As anyone knows who has visited this museum, it is more warehouse than traditional museum. The sheer quantity of artifacts on display is overwhelming – dozens of framed art pieces made from human hair, countless quilts, thousands of photographs, a staggering number of spoons, forks, and knives, more pump organs than a brigade of traveling circuses, and enough articles of clothing to make make Macy’s seem impoverished by comparison. Yet scattered throughout the tens of thousands of artifacts stuffed into glass display cases, furniture jammed into small rooms, and old bricks and bric-a-brac just sitting on the floor, are some remarkable treasures. Finding them is an exercise in diligence, serendipity, perseverance and luck. But here a few worth finding.
First, though, a little background.
- Though commonly known as the DUP Museum, the formal name is the Pioneer Memorial Museum.
- The DUP also owns a number of “satellite museums,” smaller structures scattered across three states: three in Nevada, seventeen in Idaho, and a whopping 108 in Utah!
- Do you have a pioneer ancestor? The DUP probably has a photograph of them, and you can order copies online. You can also submit copies of photographs you own.
- The building itself is a replica of the old Salt Lake Theater.
- The museum houses the world’s largest collection of artifacts on one subject.
And it is the sheer size of that collection that can be so daunting. So here is a sampling, twelve treasures from the DUP Museum:
1. Brigham Young’s wagon. Yes, the very wagon in which he entered the Salt Lake Valley and from which he said, “It is enough. This is the right place.” The wagon is perhaps the museum’s best known artifact. There is a photograph next to the wagon showing the wagon being driven in a parade celebrating the Jubilee – July 24, 1897.
2. Not as well-known as the wagon but located in the same room are three original handcarts used by pioneers crossing the plains.

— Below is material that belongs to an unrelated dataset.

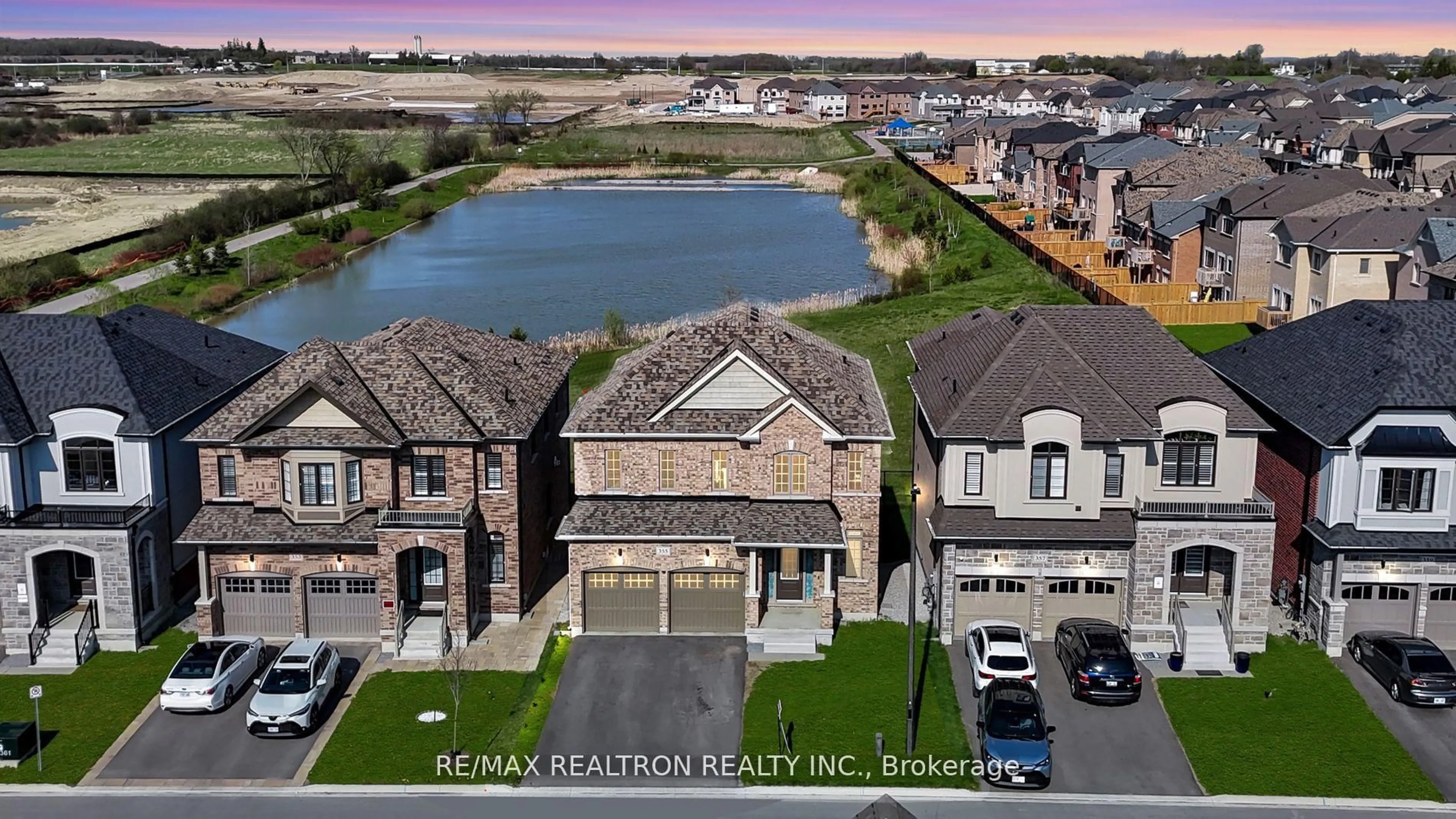 A pic from outside/outdoor area/front of a property/back of a property/a pic from drone, water/lake/river/ocean view for 355 Danny Wheeler Blvd, Georgina Ontario L4P 3C8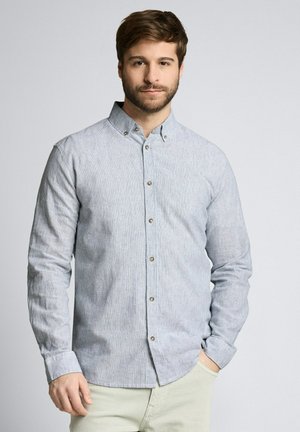 Mann mit braunen Haaren und Bart, der ein hellblau gestreiftes Hemd mit Knöpfen und beige Hosen trägt, steht mit einer Hand in der Tasche.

3. A chair build by Brigham Young’s father in Mendon, New York, about 1834.
4. Jim Bridger’s walking stick and snow shoes. The same Jim Bridger who alledgedly offered a thousand dollars to the man who could grow a bushel of corn in the Salt Lake Valley.
5. Brigham Young’s white vest which he wore to the dedication of the St. George Temple. In the same display case are Brigham Young’s white temple slippers.
6. A ticket to the dedication of the Salt Lake Temple. Next to the ticket is an usher badge from the dedication.
7. A needlepoint stool or ottoman. Wilford Woodruff purchased the needepoint in England, brought it to Salt Lake, and had Henry Dunwoody build the stool.
8. The original Eagle which adorned the Eagle Gate on State Street.
9. An adobe brick from the original foundation of the Salt Lake Temple. Realizing that adobe would not endure sufficiently, the original adobe stones were removed and replaced with granite from Little Cottonwood Canyon.
10. A staff owned by Willard Richards, believed to have been used by him to fend off the guns at the door of the Carthage Jail.
11. Emma Smith’s spinning wheel. How did it get to Utah?
12. Original gowns worn by the Days of ’47 Royalty at the centennial celebration in 1947. The brocaded beehives and pioneer wagons adorning the dresses are pretty amazing.
Let’s make it a baker’s dozen and add the original Minerva Teichert painting, “The Water Hole.” I’m not sure it has ever been reproduced. And maybe I should mention the collection of Dan Weggeland paintings.
And did I mention that entrance to the museum is free? Go already!